Sunday, February 20, 2011

Love Comes at a Cost

You know what one of the coolest things in the world is? Coming to appreciate things that are real, and are hard. Most of us tend to react with sheer anger, sorrow, and incredulity when things don't go exactly according to plan, or very smoothly, or even right in the very slightest of ways. But it comes as no surprise to us really when we look at life on a spectrum, as a whole, and realize how it is dotted with things that are not easy to face, or pleasant to undergo at all. We weren't promised perfect circumstances that would only facilitate happiness and comfort for all our days. But, oh, the character that is built under the hottest flames is of the firmest iron resolve. Seeing things that are difficult as blessings, or even just opportunities to become a better person, is a radical way to see ourselves the way God does, if we are trusting in Him: becoming more like Him with every passing day, the blessed gift of the Father who loves us. Godly character and a new heart are gifts worth enduring great tribulation for in the end.

"Consider it pure joy, my brothers and sisters, whenever you face trials of many kinds, because you know that the testing of your faith produces perseverance. Let perseverance finish its work so that you may be mature and complete, not lacking anything. [...] Blessed is the one who perseveres under trial because, having stood the test, that person will receive the crown of life that the Lord has promised to those who love him." James 1:2-4, 12

This weekend really exemplifies this in a lot of ways for me. I learned a lot about what it means to love other people in ways that I am not always accustomed to, or ways I usually run from because it's such a daunting lesson to learn. One of these ways is by spending a weekend going to and from Atlanta, Georgia, in one car with the same group of people. I'll preempt myself by saying that this weekend was GREAT! It was an incredible chance to learn more about what it would be like to go full-time with a certain international campus ministry, and just get to know other people who are considering the same thing.
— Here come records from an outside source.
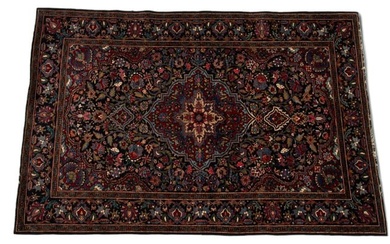 Persian Yazd Hand-woven Wool Carpet, Ca. 1900, W 4' 4'' L 6' 8''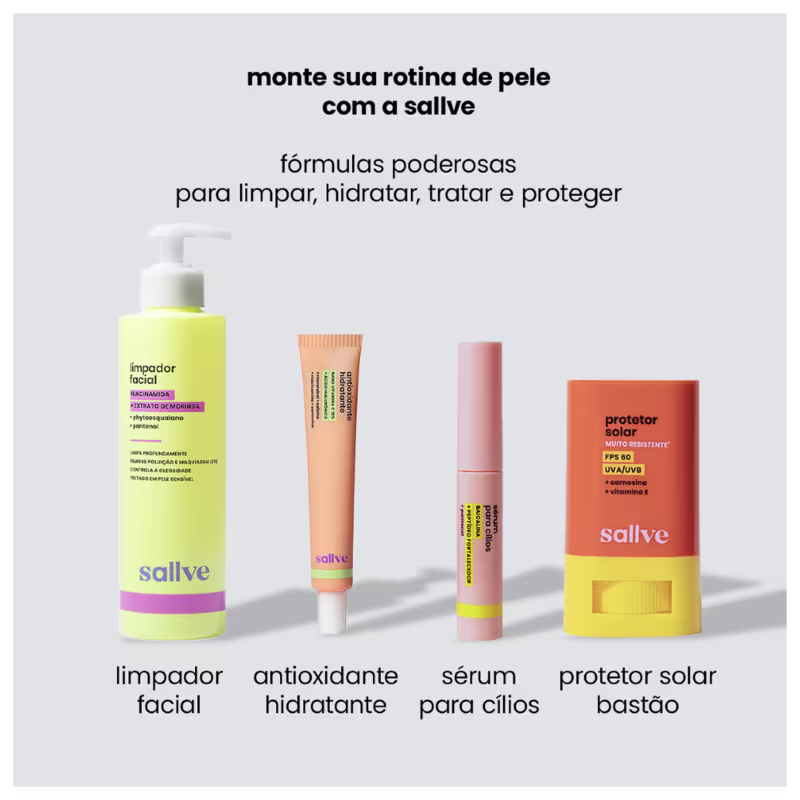 Quatro produtos de cuidados com a pele da marca Sallve.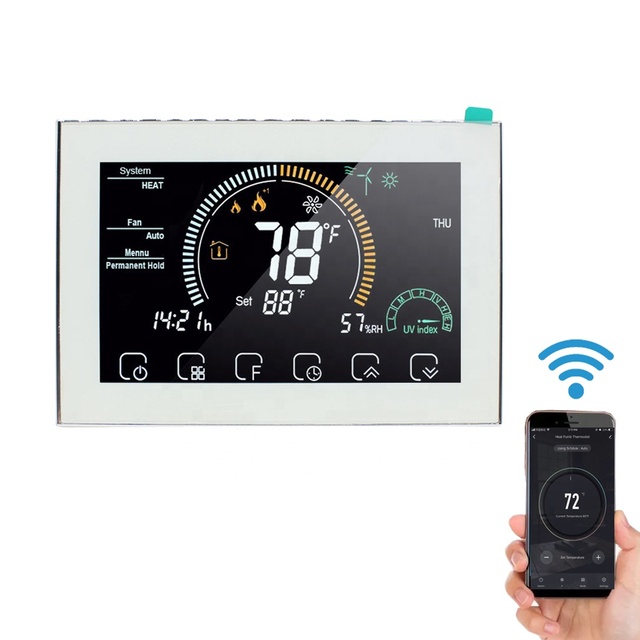 24V Touch button smart thermostat wifi temperature controller for home HVAC system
The five of us from USF who went together had a lot of fun (at least, I did) driving up there, joking around, getting to know each other better.

But it wasn't like we didn't probably get a little on the edge from time to time. Everyone gets hungry. Everyone gets tired. Everyone at some point has to go to the bathroom (the worst of the three so far!). Everyone misinterprets a joke, or something said by someone else. Everyone has certain pet peeves that other people could never anticipate having to take care to avoid. Oh, life! That's just how it works! But it is so cool to me to see these sort of "social experiments" play out for the good of God; yes, just smashing up a bunch of people to be stuck together for three straight days more or less is a recipe for seemingly imminent disaster.
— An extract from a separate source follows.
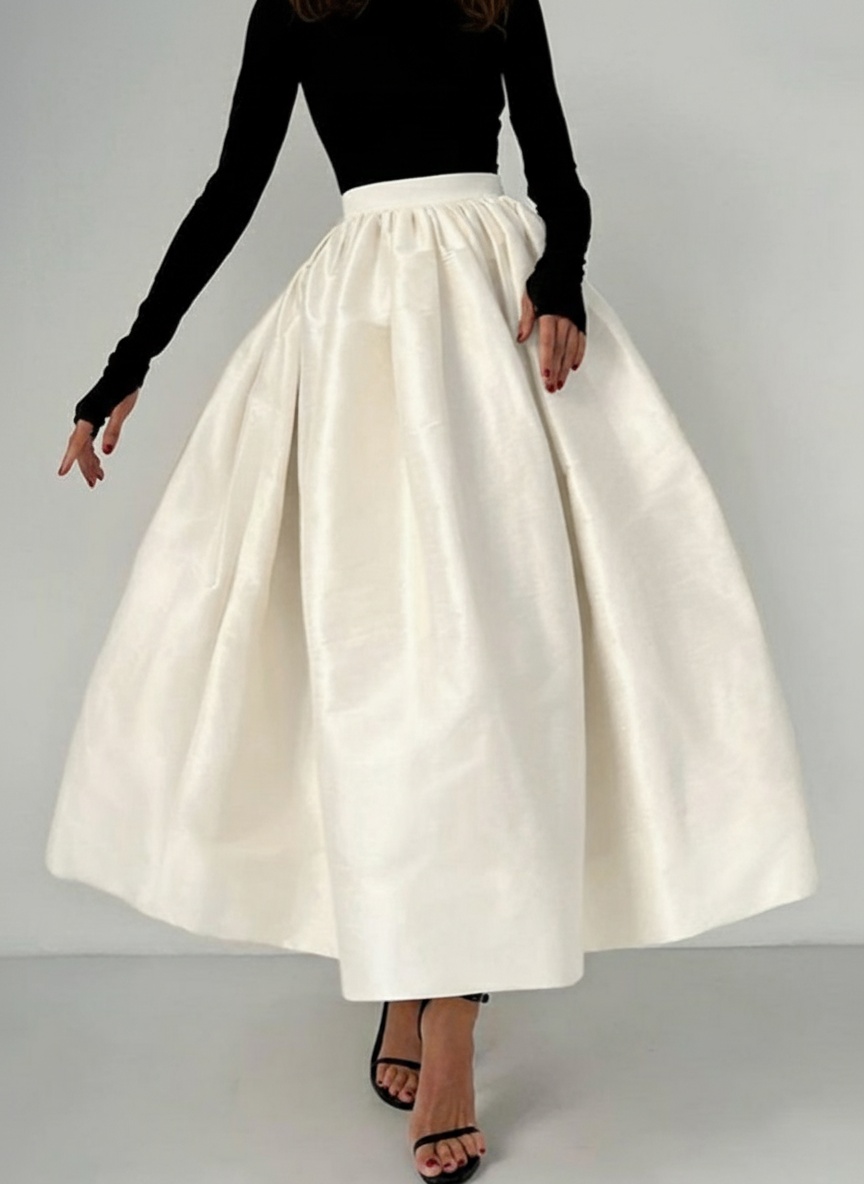 Jupe midi ample élégante à taille haute - Satin coupe trapèze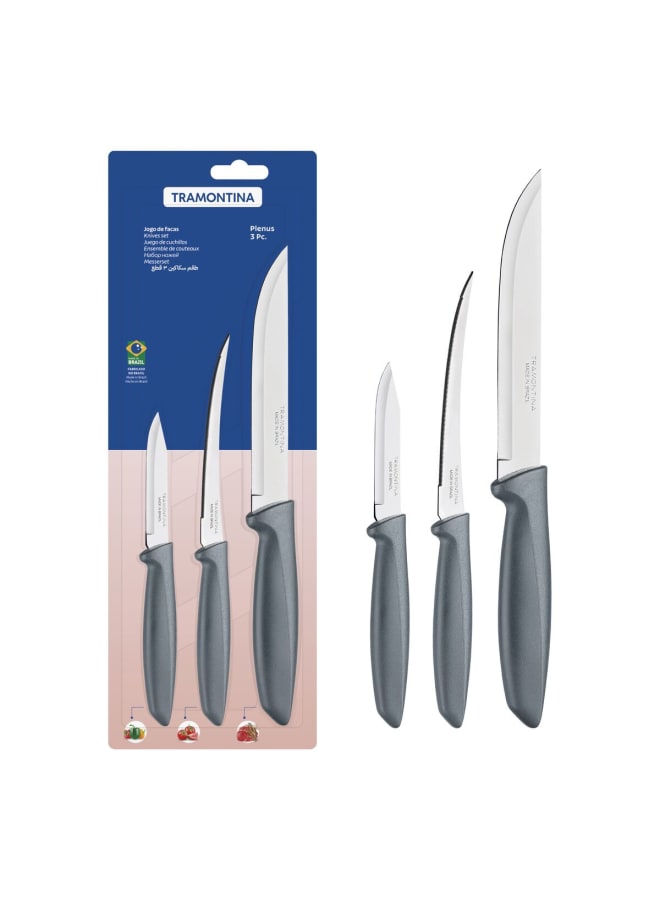 TRAMONTINA TRAMONTINA Plenus 3-Piece Kitchen Knife Set – Stainless Steel Blades, Ergonomic Grey Handles – Perfect for Chopping, Slicing, and Dicing with Precision and Comfort  - Image 1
Yet, it wasn't like that at all. I know for me, in moments where I was so exhausted, ready to break away for a minute, and become even a little tempted to snap because of my discomfort, I could almost literally hear a voice in my head going, this is why you need God. I am such a frail human being. I can be the most gracious and loving person on earth on my own until you take away my dinner, my quiet, my comfortable seat, my jacket when the air is blasting cold, and other things that are not in and of themselves very great or formidable at all. Those tiny things make me so unloving and ungracious very quickly, unless I am abiding in God's love, where the Holy Spirit prompts me in moments where it's tempting to go crazy at everyone to continue to demonstrate love the way He does. (1 Corinthians 13 -- read that thing now, even if you have it memorized.) It is Jesus that changes my heart not to serve my selfish will anymore, whether that will be to get my frustration taken out on someone else or walk around their feelings just so they won't hurt me. My will is to please the Savior, mirroring His character, and not compromising that perfect beauty of the Spirit with my awful quickness to self-pity and self-focus.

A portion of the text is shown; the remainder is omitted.